Demographic trends show a dramatic rise in constituencies likely not to favor the Republican Party. And against that trend we have these Supreme Court decisions:
1. Bush v. Gore (Yeah, this was the Rehnquist court but so what?)
Stop the Florida State Supreme Court mandated recount of votes just because we are a supremer court that talks a lot about the importance of states' rights but in this case we are throwing our principles out the window instead of appropriately remanding the case back to the state court with instructions to provide uniform recount guidelines. We think it's better to arbitrarily decide the election based on yelling "freeze!" on December 9, even though the votes recounted up until then had different standards of validity applied to them across the counties; and we're stopping the recount because of those differing standards of validity. We prefer to pick the winner of the most powerful elected position in our country by preventing a more accurate recount from taking place in Florida; because--you know--we can't drag this thing out any longer.
Bush just wins.
2. Citizens United v. Federal Election Commission
Even though no law says it, and legal precedent dances around the idea, we are assuming that a corporation is a legal person and as such deserves the free speech protection we have already decided should pertain to money. Buy a TV station or two if you want your message to reach more people, folks. Or if you don't want the burden of ownership, pool a bunch of money so that a good propagandist can orchestrate buying time on those media outlets for you. Everyone has the same free speech access that money can buy.

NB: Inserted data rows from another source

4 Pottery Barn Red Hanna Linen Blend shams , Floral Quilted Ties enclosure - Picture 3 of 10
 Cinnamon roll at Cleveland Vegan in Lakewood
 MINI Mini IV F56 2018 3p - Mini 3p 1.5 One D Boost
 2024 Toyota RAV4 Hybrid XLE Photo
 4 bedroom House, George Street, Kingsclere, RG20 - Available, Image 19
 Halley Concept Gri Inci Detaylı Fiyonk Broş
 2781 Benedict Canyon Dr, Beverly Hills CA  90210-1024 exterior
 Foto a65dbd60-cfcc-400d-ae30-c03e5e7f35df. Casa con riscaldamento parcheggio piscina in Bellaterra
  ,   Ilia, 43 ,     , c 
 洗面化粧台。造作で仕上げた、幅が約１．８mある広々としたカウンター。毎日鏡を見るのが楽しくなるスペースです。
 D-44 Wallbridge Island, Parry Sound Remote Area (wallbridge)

And every corporation is a person with such free speech protection. So no limit on the monies.
3. Shelby County, Alabama V Holder, Attorney General, et al.
If there were any credible reasoning in the majority opinion then some could argue (I wouldn't be one of them) that the decision reflects objective jurisprudence. But the reasoning is satirically nonsensical, accurately paraphrased as: Because the VRA has been successful in states where preclearance of changes to electoral process is required, we no longer need VRA preclearance in those places. In other words, instead of reasoning, an Alice-in-Wonderland mockery of it that shows sharp contempt for what the VRA was designed to do.
Shorter paraphrase of decision: VRA worked; and enough of that.
The loud voter fraud nonsense we have heard about for the past decade just became valid pretext for changing electoral processes anywhere the voter suppression gang wants to work its will. I'm sure the new ID laws will be very creative in making it difficult for non-Republicans to vote.
If 2 and 3 don't work efficiently enough to game national elections in favor of Republicans, is there anything more this Supreme Court could do about it? Gut the 4th amendment in favor of "national security" when the inevitable challenges to the NSA surveillance leviathan get onto the docket? There would be lots of ways vote suppressionists could use that NSA data.